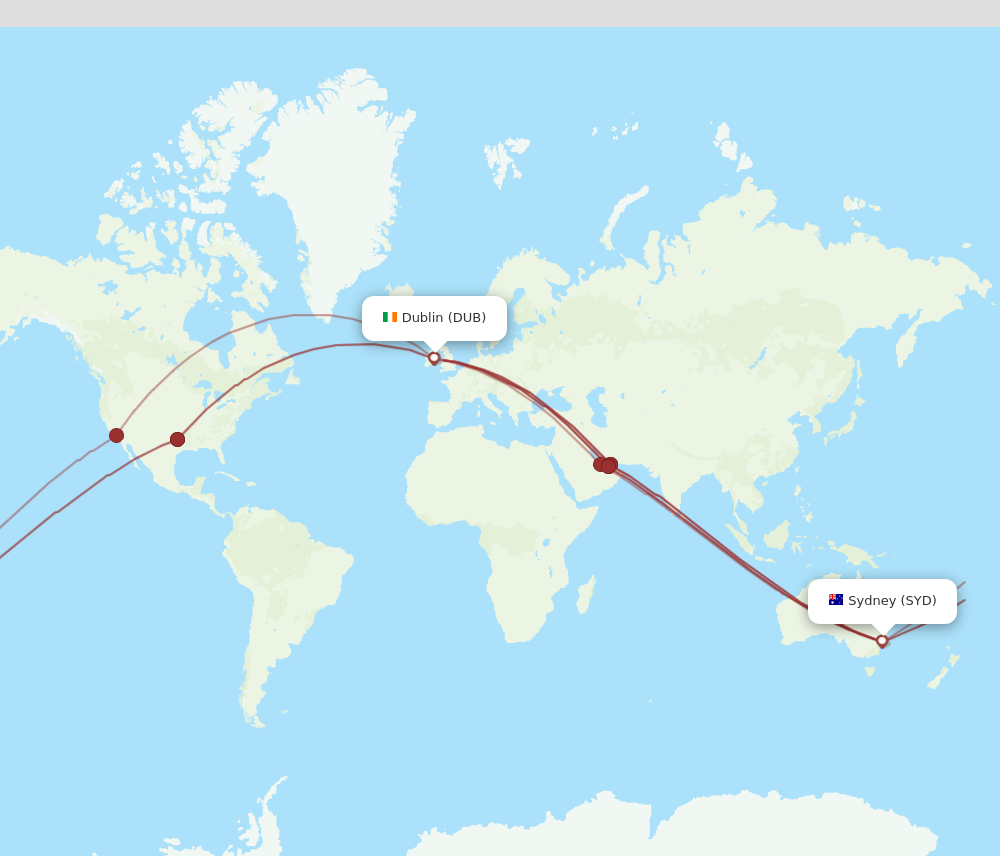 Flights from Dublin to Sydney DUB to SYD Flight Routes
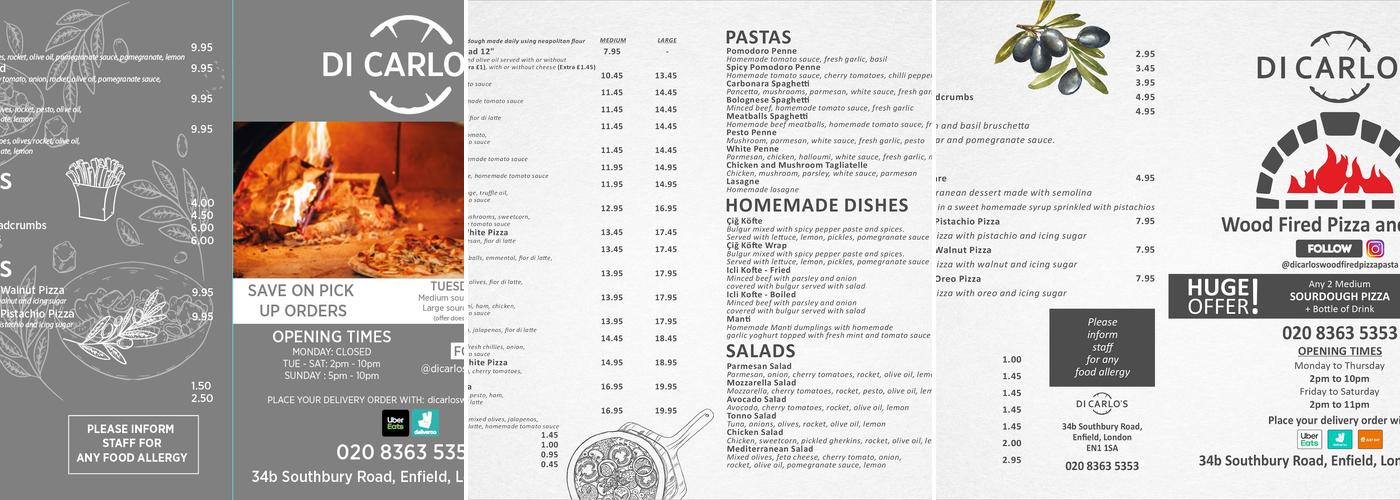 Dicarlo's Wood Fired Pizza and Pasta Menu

——

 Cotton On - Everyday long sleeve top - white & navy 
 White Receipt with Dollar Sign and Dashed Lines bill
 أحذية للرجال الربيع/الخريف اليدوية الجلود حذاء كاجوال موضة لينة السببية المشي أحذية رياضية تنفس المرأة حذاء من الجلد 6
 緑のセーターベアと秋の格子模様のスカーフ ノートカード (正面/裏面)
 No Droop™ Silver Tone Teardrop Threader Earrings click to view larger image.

——

Given the records above, restate word for word only the lines starting at the one with "White Receipt with" and ending at the one with "No Droop™ Silver".

• _Answer_
 White Receipt with Dollar Sign and Dashed Lines bill
 أحذية للرجال الربيع/الخريف اليدوية الجلود حذاء كاجوال موضة لينة السببية المشي أحذية رياضية تنفس المرأة حذاء من الجلد 6
 緑のセーターベアと秋の格子模様のスカーフ ノートカード (正面/裏面)
 No Droop™ Silver Tone Teardrop Threader Earrings click to view larger image.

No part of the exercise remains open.